Leaving the pictures aside, repeat the entries exactly.

(Web page caption snippets)
——

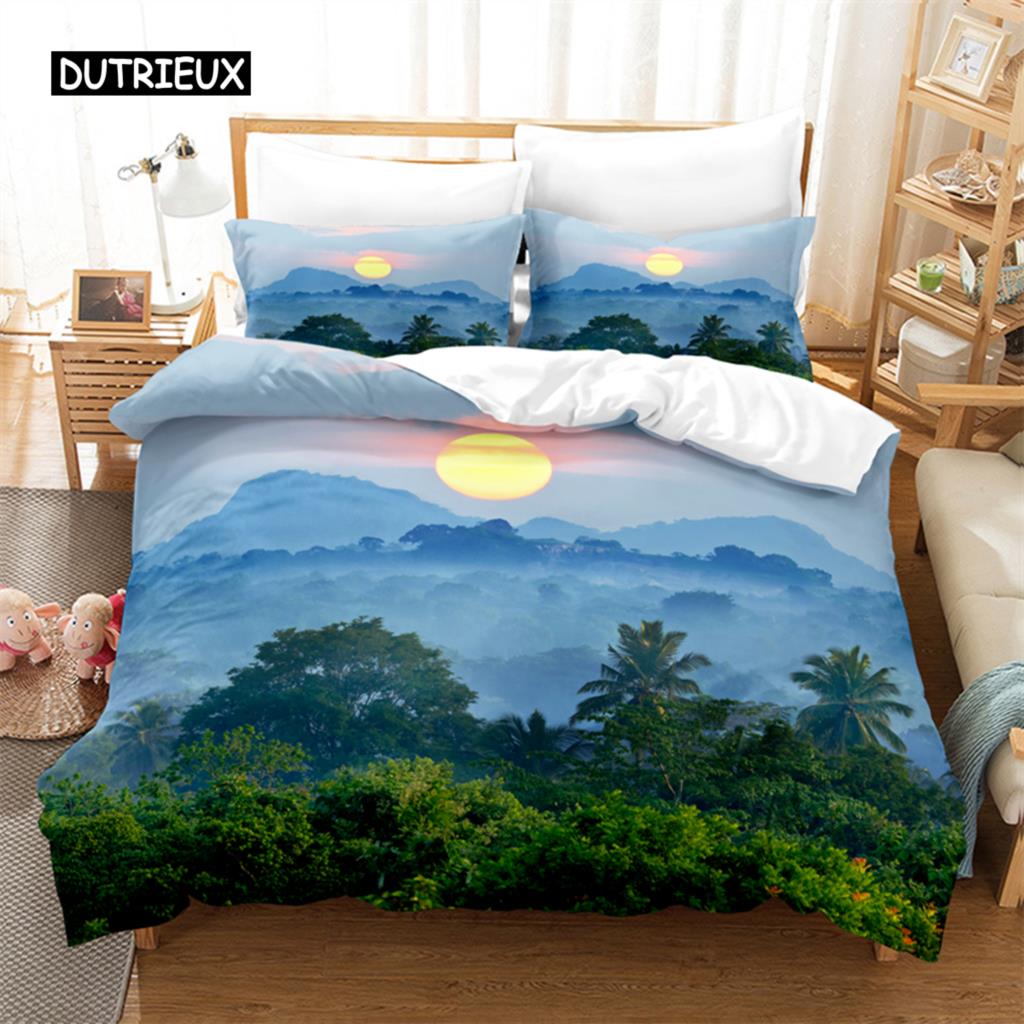 

Комплект постельного белья с изображением природных пейзажей, комплект пододеяльников, комплект постельного белья с 3D-принтом, комплект постельного белья размера «queen size», модный дизайн EU single(135x200cm)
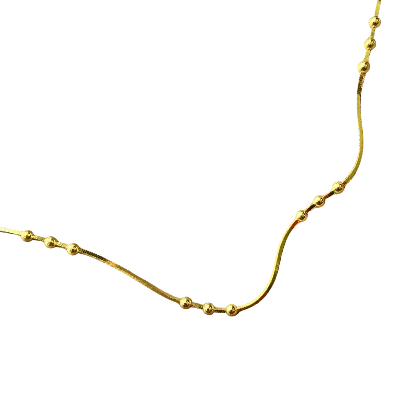 Spero London Women's Gold Three Bead Sterling Silver Chain Satellite Necklace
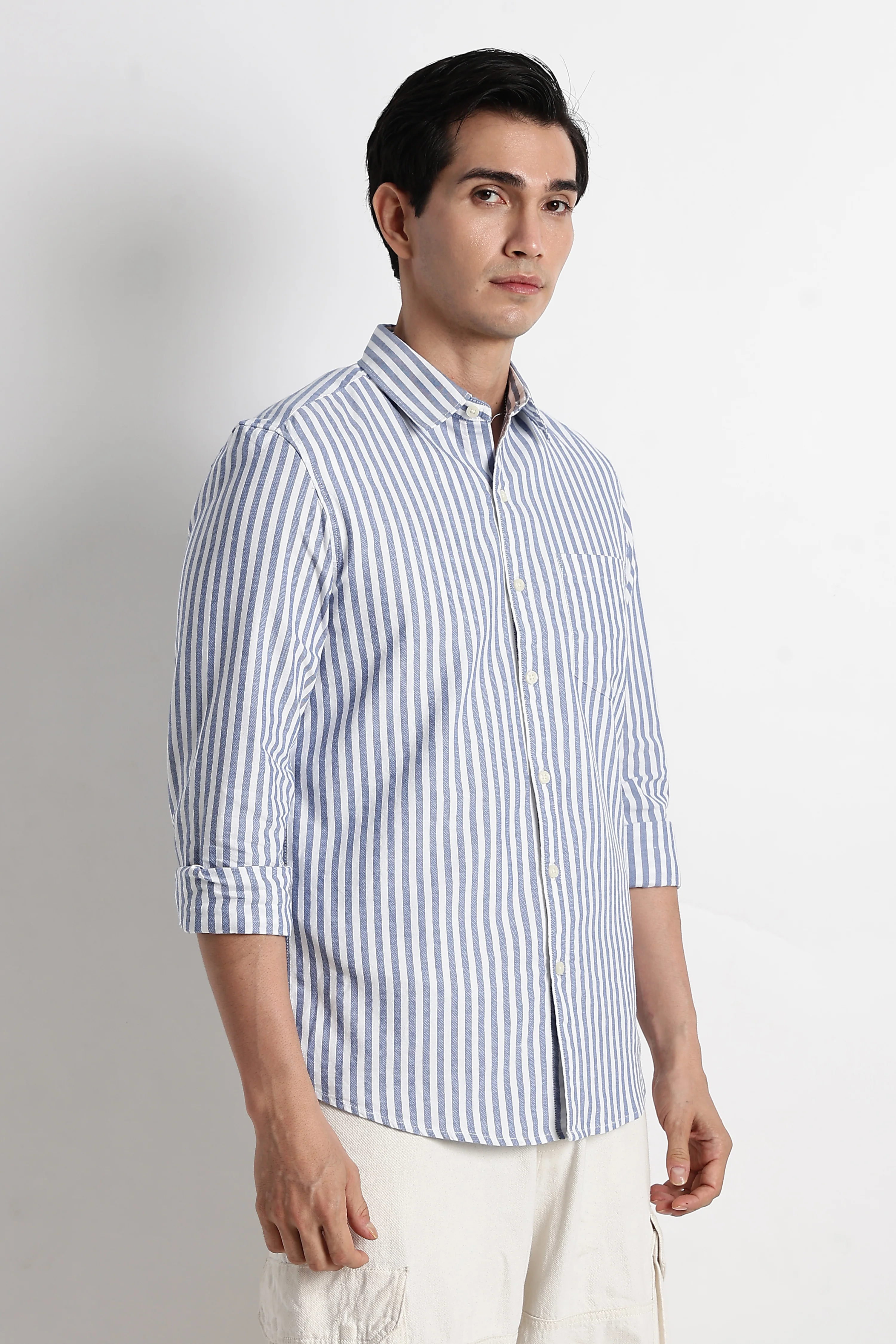 Men Cotton Striped Shirt - Image 9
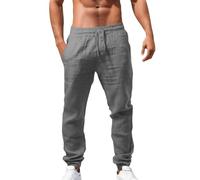 Pantalon Lin Homme été Pas Cher Décontractés de Plage Léger Confortable Pantalon Taille Élastiqué à Cordon Sport Casual Yoga Toile Pants de Travail avec Poches, Mode Ete Homme 2026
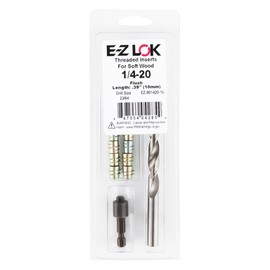 E-Z LOK Thread Repair Installation Kit - Includes E-Z Hex Threaded Inserts for Soft Wood, Zinc Alloy, Flush, 1/4-20 x 10mm Length, Drill, and Drive Tool, (EZ-801420-10)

——

PROBLEM SOLUTION
Комплект постельного белья с изображением природных пейзажей, комплект пододеяльников, комплект постельного белья с 3D-принтом, комплект постельного белья размера «queen size», модный дизайн EU single(135x200cm)
 Spero London Women's Gold Three Bead Sterling Silver Chain Satellite Necklace
 Men Cotton Striped Shirt - Image 9
 Pantalon Lin Homme été Pas Cher Décontractés de Plage Léger Confortable Pantalon Taille Élastiqué à Cordon Sport Casual Yoga Toile Pants de Travail avec Poches, Mode Ete Homme 2026
 E-Z LOK Thread Repair Installation Kit - Includes E-Z Hex Threaded Inserts for Soft Wood, Zinc Alloy, Flush, 1/4-20 x 10mm Length, Drill, and Drive Tool, (EZ-801420-10)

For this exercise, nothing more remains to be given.